WHAT YOU HAVE TO DO:
Please write out exactly the lines from the one with "European and American" through the end of the data below, both ends included, and omit any pictures.

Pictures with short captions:
━━━━━━━━━━━━━━━━━━━━
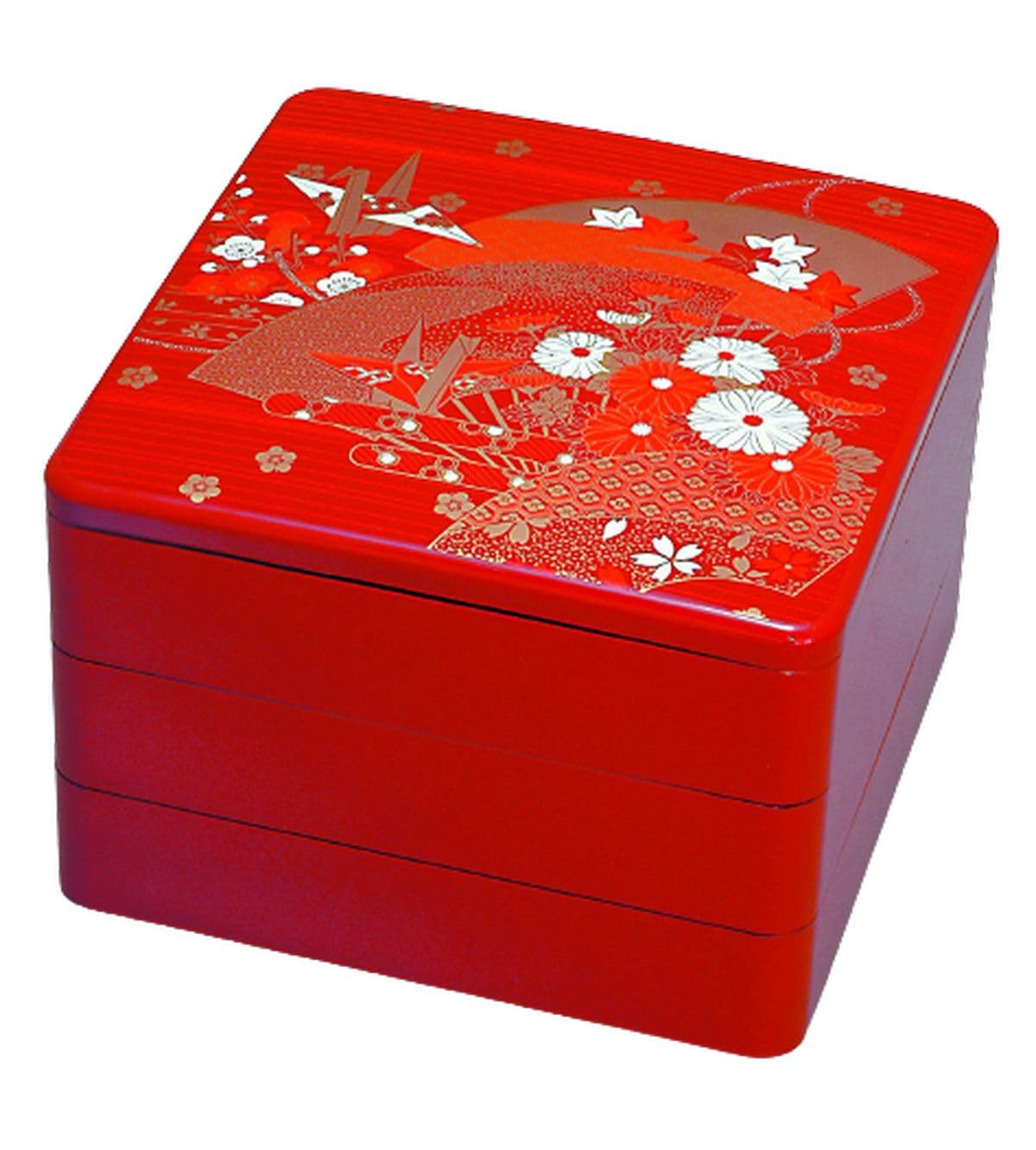 61 Amazon｜J-kitchens 重箱 3段 8寸 お重箱 朱扇面 24.1cm x 24.1cm x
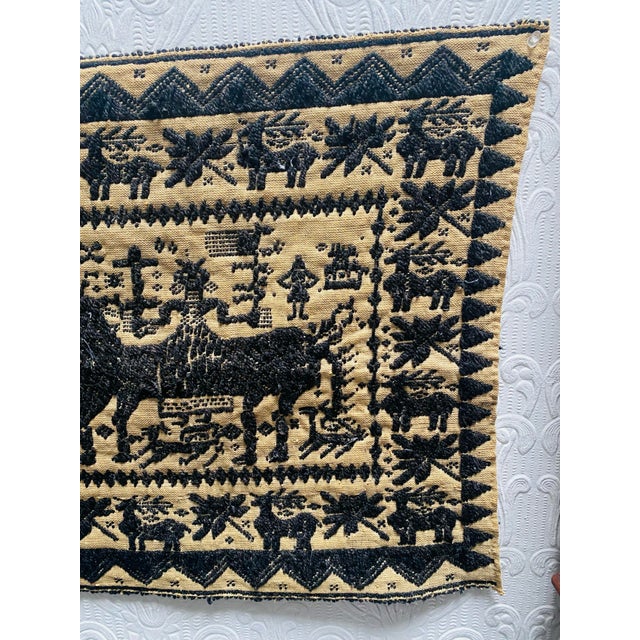 Textile Circa 1790 Handmade Folk Art Americana Horses Flags Altar Cloth Runner For Sale - Image 7 of 12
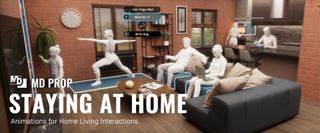 graphic that says staying at home with statue like figures sitting at home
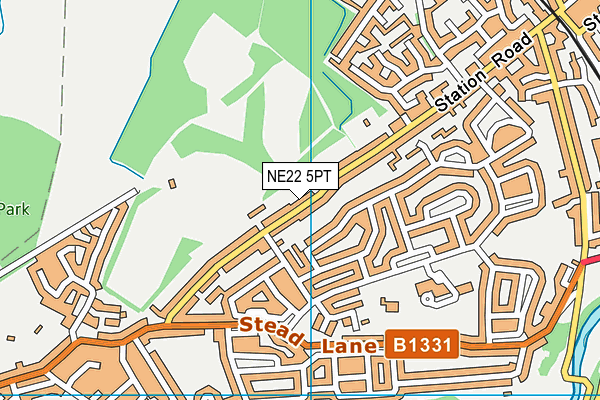 NE22 5PT map - OS VectorMap District (Ordnance Survey)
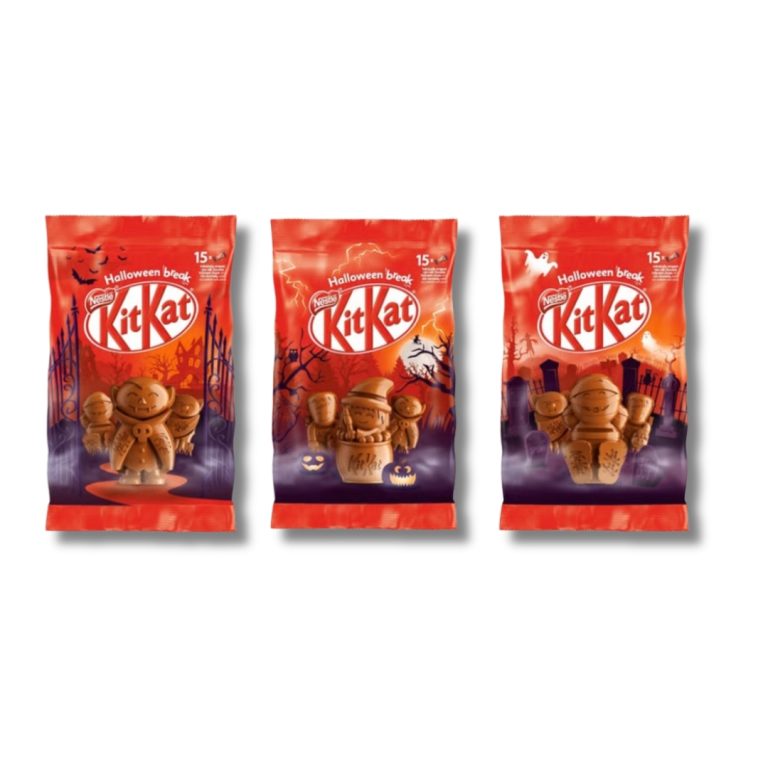 Bolsas de chocolatinas Kit Kat Mini Monster edición Halloween con envoltorios temáticos, disponibles en Mercamás Casal.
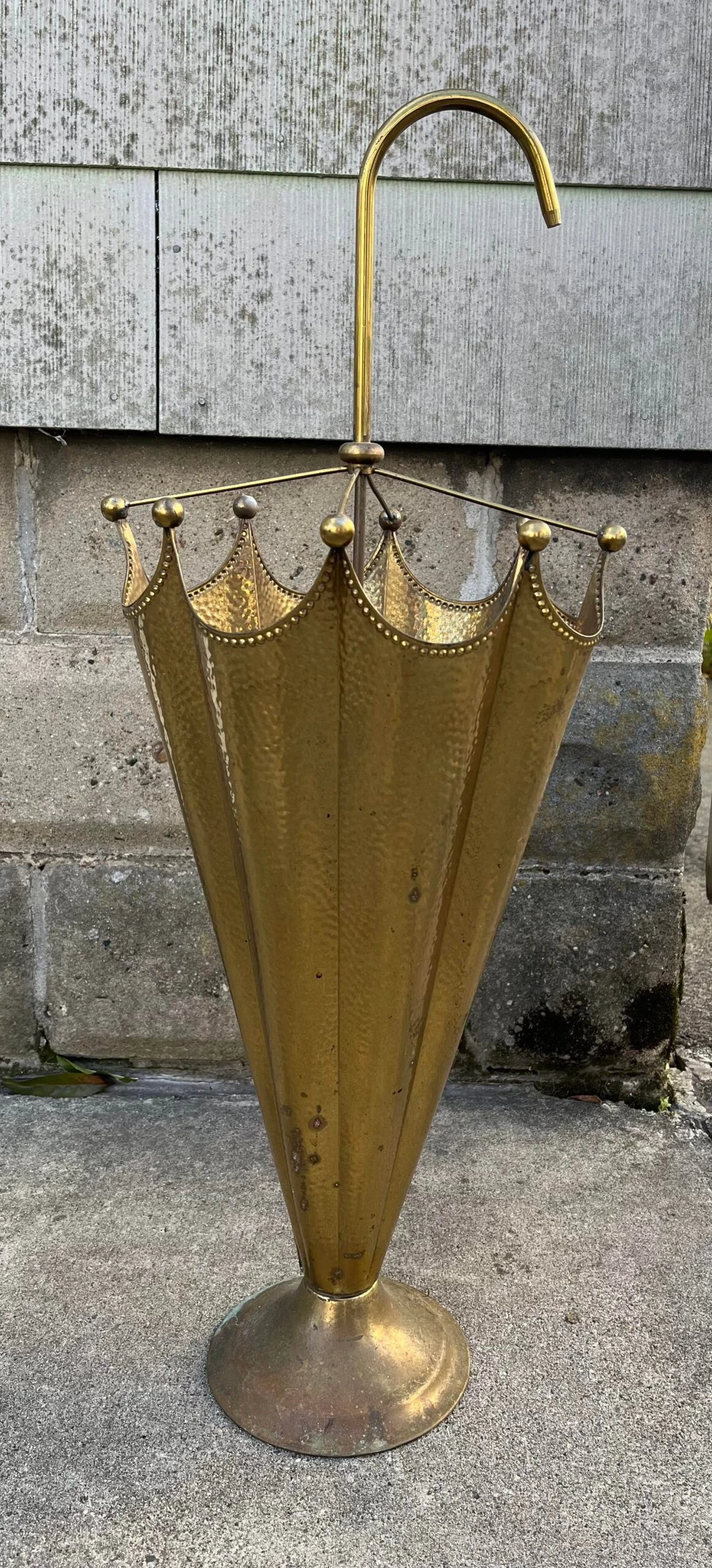 Vintage French Brass Umbrella Stand 5 Vintage French Brass Umbrella Stand - Image 3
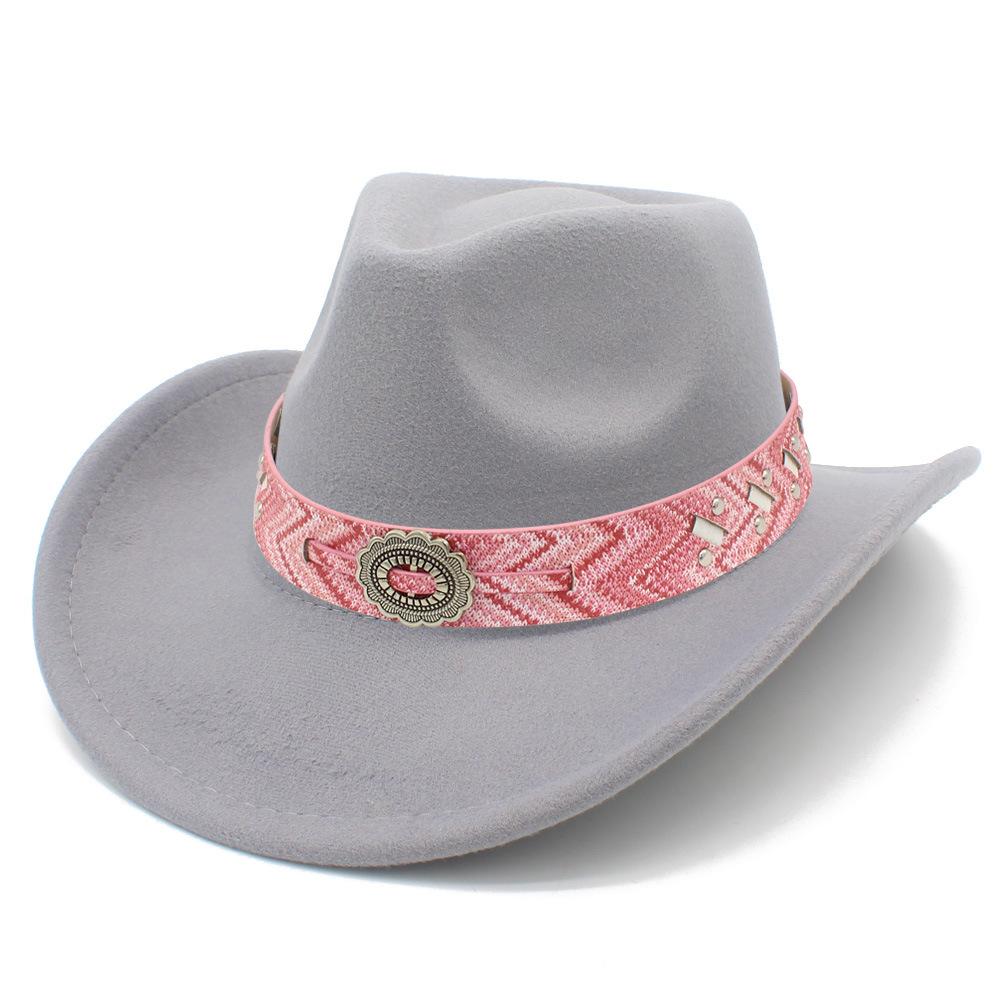 European and American retro style western cowboy hat female elegance crimping design party top hat fashion literary jazz hat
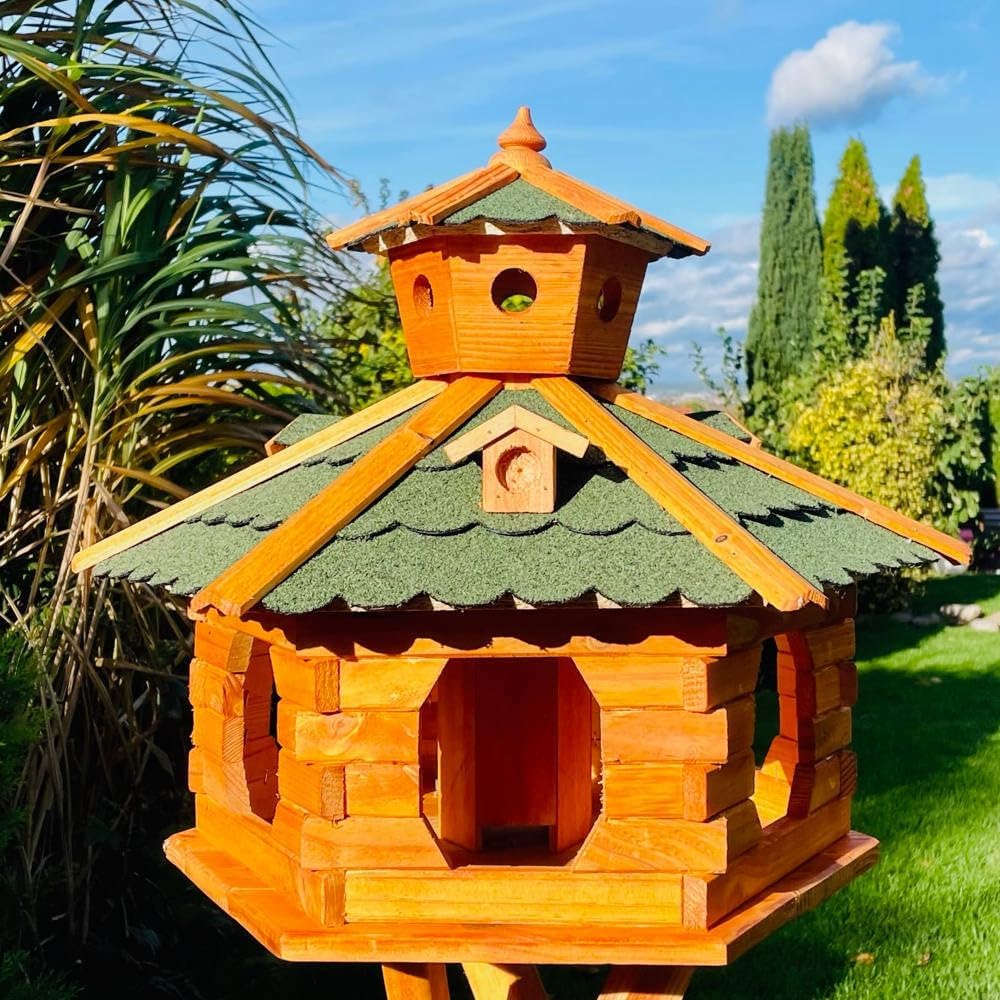 Holz Vogelhaus wetterfest XXL ohne Ständer, Grösse XXL ohne Ständer Grün - Braun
━━━━━━━━━━━━━━━━━━━━
TASK SOLUTION:
 European and American retro style western cowboy hat female elegance crimping design party top hat fashion literary jazz hat
 Holz Vogelhaus wetterfest XXL ohne Ständer, Grösse XXL ohne Ständer Grün - Braun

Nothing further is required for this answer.